Admirável Mundo Novo
Antigamente contava-se uma anedota sobre a União Soviétiva que rezava mais ou menos assim:
- Um dia Lenine viajava num comboio pelo meio da estepe gelada, quando subitamente o comboio parou. Uma tempestade de neve tinha coberto os carris e o comboio não podia avançar. Lenine imediatamente mandou sair todos os passageiros do comboio, dar-lhes pás a todos e pô-los a todos a cavar a neve que se tinha acumulado sobre a linha. Alguns anos depois, viajava Estaline num comboio no meio da estepe gelada, aconteceu o mesmo: uma tempestade de neve cobrira os carris e o comboio não podia avançar. Estaline imediatamente mandou fuzilar o maquinista e todo o pessoal técnico do comboio. Muitos anos depois, Brejnev viajava de comboio pelo meio da estepe gelada. O comboio parou: neve sobre a linha. Brejnev ordenou que todo o pessoal do comboio se apeasse, se colocassem uns tantos de cada lado do comboio, e que começassem a empurrar as carruagens de um lado para o outro por forma a fazê-las trepidar e a dar aos passageiros a impressão de que o comboio continuava a andar.

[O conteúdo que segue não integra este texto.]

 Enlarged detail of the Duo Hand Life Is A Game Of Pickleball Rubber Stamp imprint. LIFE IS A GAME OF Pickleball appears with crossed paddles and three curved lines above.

Esta anedota parece-nos ser uma boa ilustração do desencontro crescente entre a indústria discográfica e o público consumidor das artes musicais. É também a imagem que resulta das recentes atribuições de prestigiados prémios musicais como os Grammy Awards ou os Brit Awards (entregues hoje no Earl’s Court): cada vez é mais evidente o divórcio entre as estratégias das majors e dos media ao seu serviço e quem compra e consome o produto final.
O Júri dos Brit Awards lá teve a decência de atribuir os prémios de melhor grupo britânico e melhor actuação ao vivo aos Kaiser Chiefs. Ainda assim, voltou a cometer a gaffe que já se havia registado na atribuição dos Grammies: passar olimpicamente ao lado de Funeral, dos Arcade Fire, reconhecido por muitos como o melhor álbum internacional de 2005. Ignorou ainda os fenómenos Clap Your Hands Say Yeah ou Sufjan Stevens nas categorias internacionais, ou mesmo os domésticos Bloc Party.
O contexto está a mudar e a indústria ainda não compreendeu o alcance da coisa: as escolhas já não são feitas pelo A&R de serviço. Quem agora escolhe é o consumidor final. Este tem agora ao seu alcance um novo media: a comunicação global, leia-se a internet. Pode ser que acordem a tempo para o admirável mundo novo que aí vem.